Start of Extracted entries

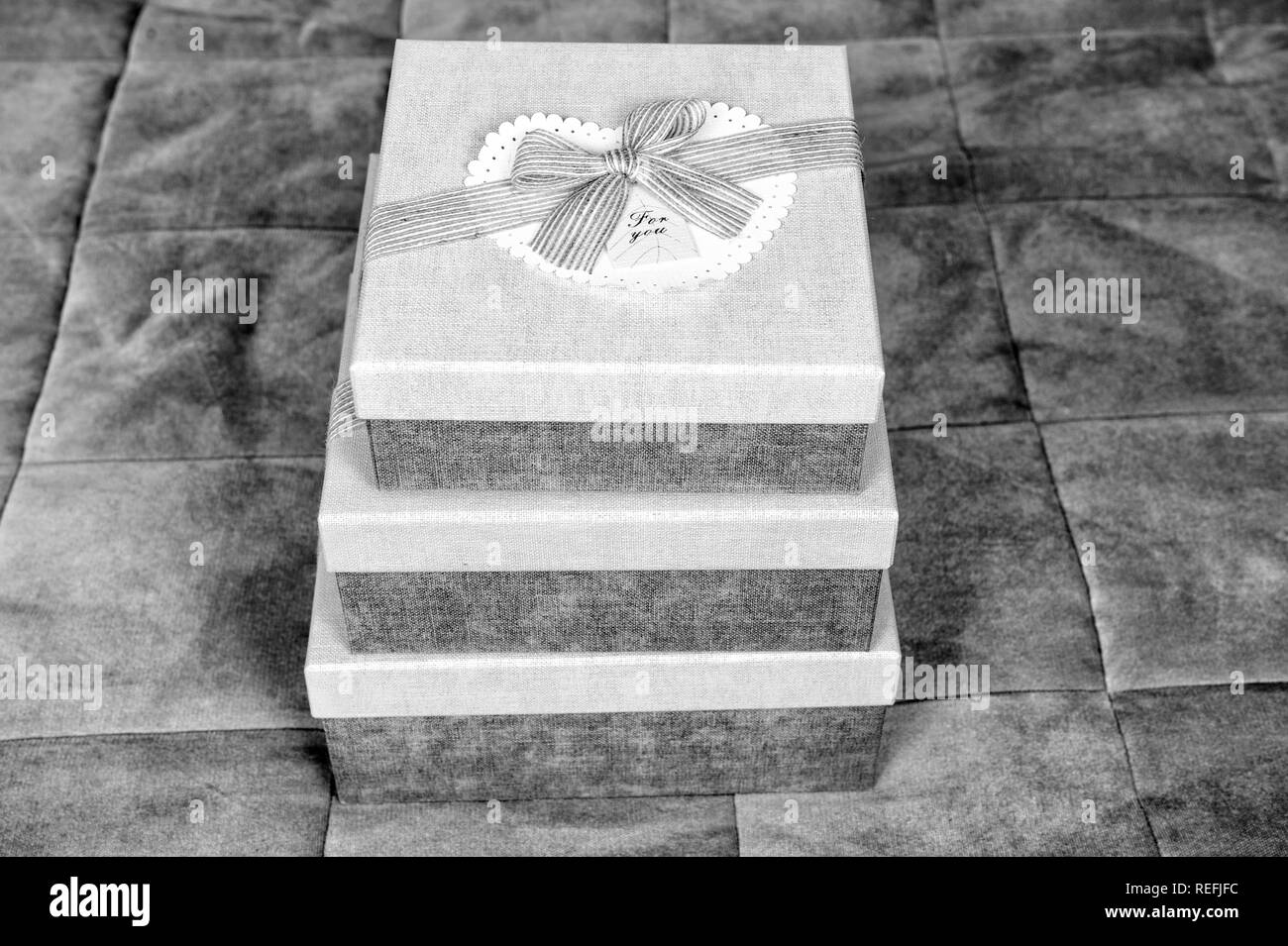 Boîtes avec coeur et ruban noeud sur un couvre-lit bleu arrière-plan. Boxing day concept. Saint Valentin, fête, anniversaire, célébration des fêtes. Banque D'Images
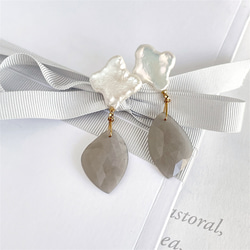 大號巴洛克珍珠三葉草形珍珠和銀色月光石懸垂耳環 第1張的照片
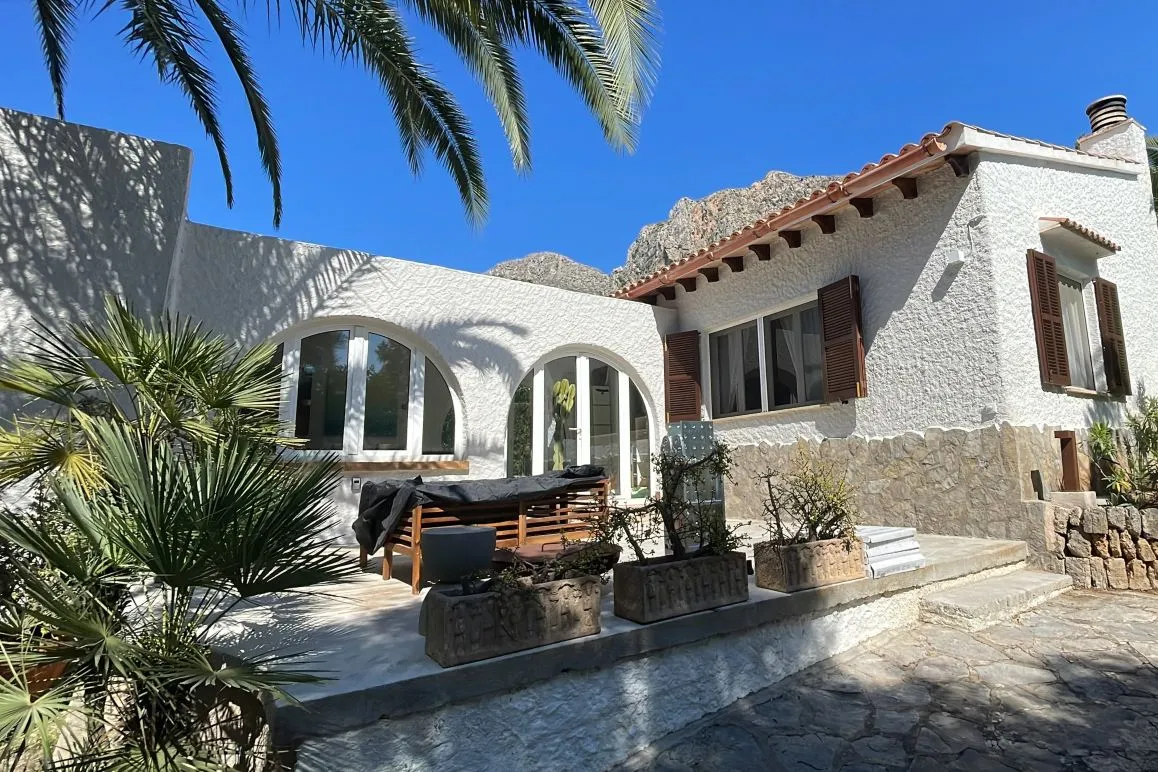 Chalet modernizado con jardín y piscina de agua salada en Betlem-2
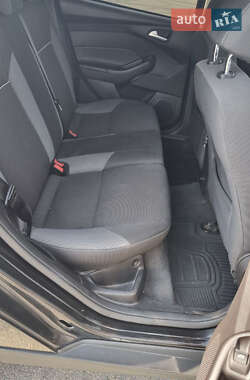 Хэтчбек Ford Focus 2014 в 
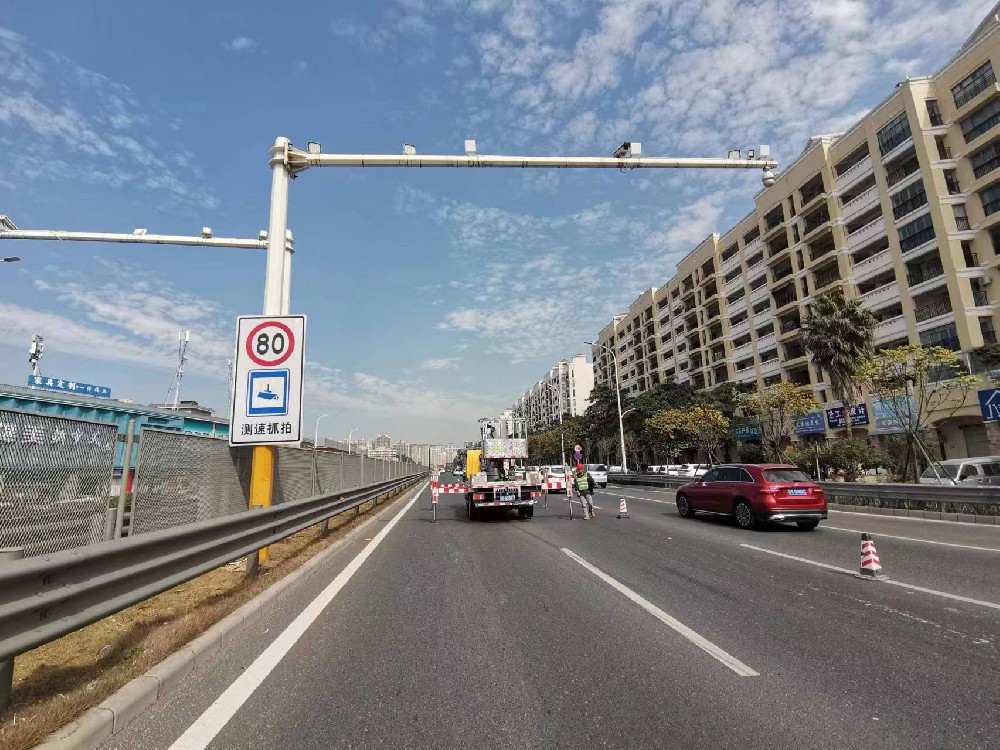 电子警察抓拍系统施工安装建设案例--雷达测速抓拍系统安装建设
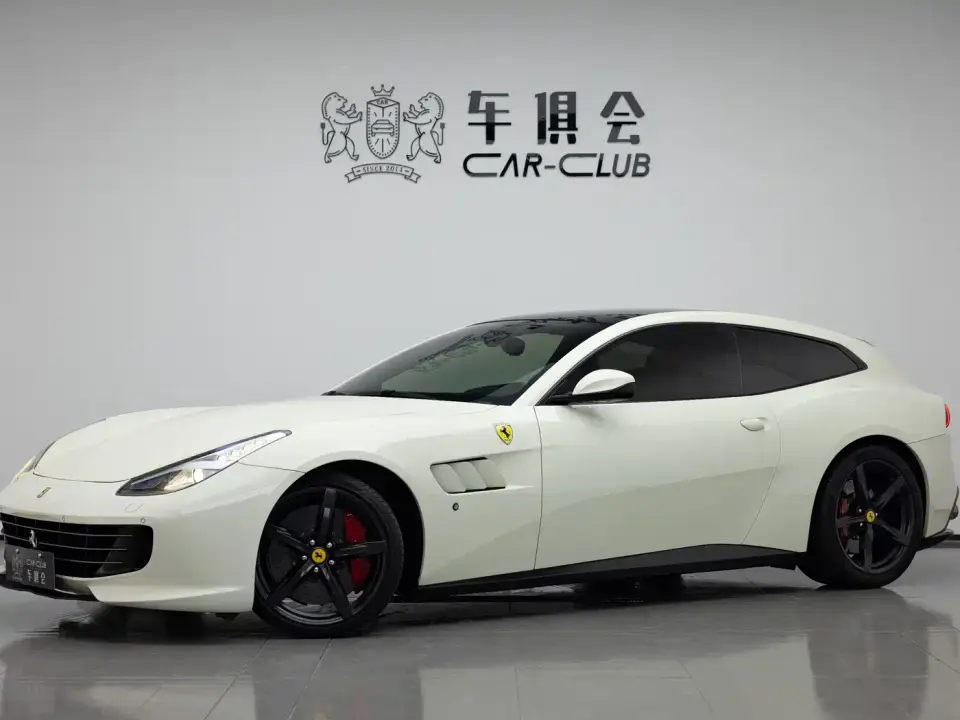 Ferrari GTC4Lusso 3.9T V8 2020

End of Extracted entries

→ **Work item**
Repeat every line of the data exactly, but do not include pictures.

→ **Answer to this exercise**
 Boîtes avec coeur et ruban noeud sur un couvre-lit bleu arrière-plan. Boxing day concept. Saint Valentin, fête, anniversaire, célébration des fêtes. Banque D'Images
 大號巴洛克珍珠三葉草形珍珠和銀色月光石懸垂耳環 第1張的照片
 Chalet modernizado con jardín y piscina de agua salada en Betlem-2
 Хэтчбек Ford Focus 2014 в 
 电子警察抓拍系统施工安装建设案例--雷达测速抓拍系统安装建设
 Ferrari GTC4Lusso 3.9T V8 2020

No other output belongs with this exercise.